The Biden administration has quietly ditched a key gauge used for decades to measure success in the war on drugs, suspending satellite monitoring of coca crops in Colombia as cocaine production surges in South America.
A State Department spokesperson said the move was "temporary" but gave no timeframe for data collection to resume or explain why it was suspended in the first place. It was also unclear whether satellite surveys would continue in Peru and Bolivia, which together account for about half of coca production in the Andean region.
Since at least 1987, the U.S. government has published annual estimates of coca cultivation in Colombia. The numbers soared to an all-time high in 2020, when the U.S. Office of National Drug Control Policy estimated that 245,00 hectares of land -- an area three times the size of New York City -- was planted with the illicit crop used to make cocaine. Last year's report showed production was almost unchanged in 2021 from the same high level.
"This is a gift to the Petro Administration," Florida Sen. Marco Rubio, the vice chairman of the Senate Select Committee on Intelligence and a senior member of the Committee on Foreign Relations, said in a statement to The Associated Press. "It's another example of the Biden Administration giving concessions to far-left governments in the region."
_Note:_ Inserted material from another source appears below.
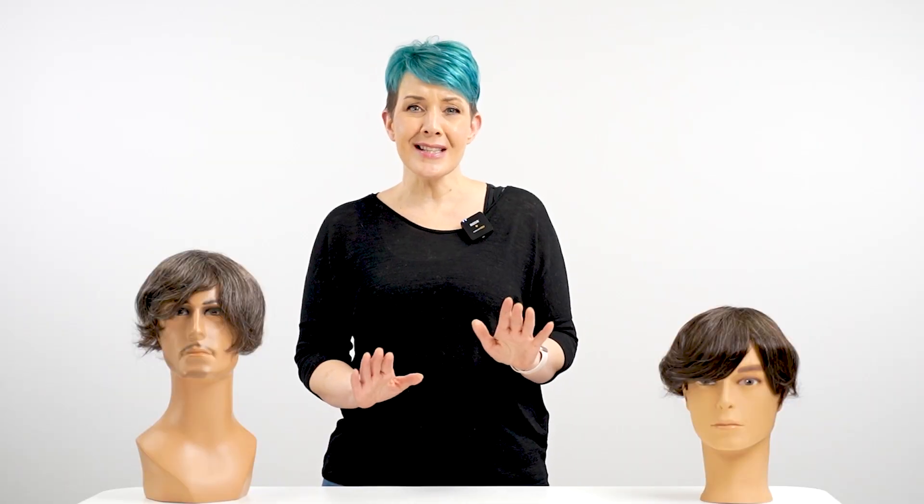Another thing you should do is avoid touching your hair more than necessary by playing with it or brushing it during the first 12 hours. If the installation of a new hairpiece is causing itchiness for your scalp, avoid scratching it as this can damage the hair system. Instead, we suggest patting the area gently.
Adam Isacson, the director for defense oversight at the Washington Office on Latin America, said that satellite monitoring of coca crops offers valuable insights into Colombia's ability to assert state control in remote, economically depressed areas that have long been dominated by illegal armed groups.
The diplomatic dance has yielded some positive results. Petro visited the White House in April and spoke alongside Biden about a "common agenda" to fight climate change and address migration. A few days later, the U.S. said it would launch a processing center in Colombia to handle growing numbers of migrants from Venezuela and elsewhere in South America seeking entry into the U.S.